# AIB have told me that I should be on a tracker when the fixed period ended



## Delboy (5 Sep 2011)

just a personal tale to add this. Switched 75% of mortgage to a fixed rate with AIB about 5 years ago- when it expired after 3 years, they automatically put that portion on to the standard variable rate (the rest has been on a tracker of +1.1%).
After reading this thread some months ago, started to search for the original mortgage info. Was still looking up to recently but kept long fingering this. 

Anyways, out of the blue...got a letter from AIB last week. They've been checking their records as part of an internal investigation. They say that the 75% should have reverted to the tracker when the fixed rate matured. 
4k they calculated they owed and have credited the mortgage account!!! Plus, the rate from next month drops to the tracker. Thats some great and unexpected news!!!

So if your in a similar situation, there may be a letter on the way...or perhaps it's time to do some research on your mortgage t&c's!!!


----------



## thedaras (5 Sep 2011)

Thats fantastic news Delboy..delighted for you..and am in a similar position myself..
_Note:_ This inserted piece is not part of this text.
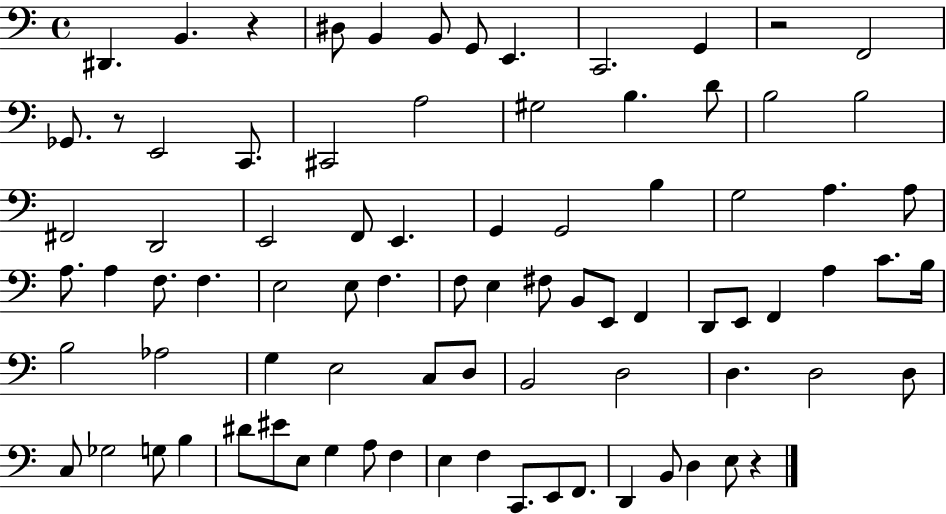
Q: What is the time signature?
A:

God only knows how many others were paying way over the ECB rate when they shouldn't have been ,hopefully the internal investigation will unearth some more people who will end up back on the tracker which they were always entitled too..


----------



## mcaul (12 Sep 2011)

nice news to get at this time of year - plenty of us here have apoplied via ombudsman to get the trackers back. With near certainty of 2 x 0.25% reductions in interest rates in the coming months, its even more enticing.


----------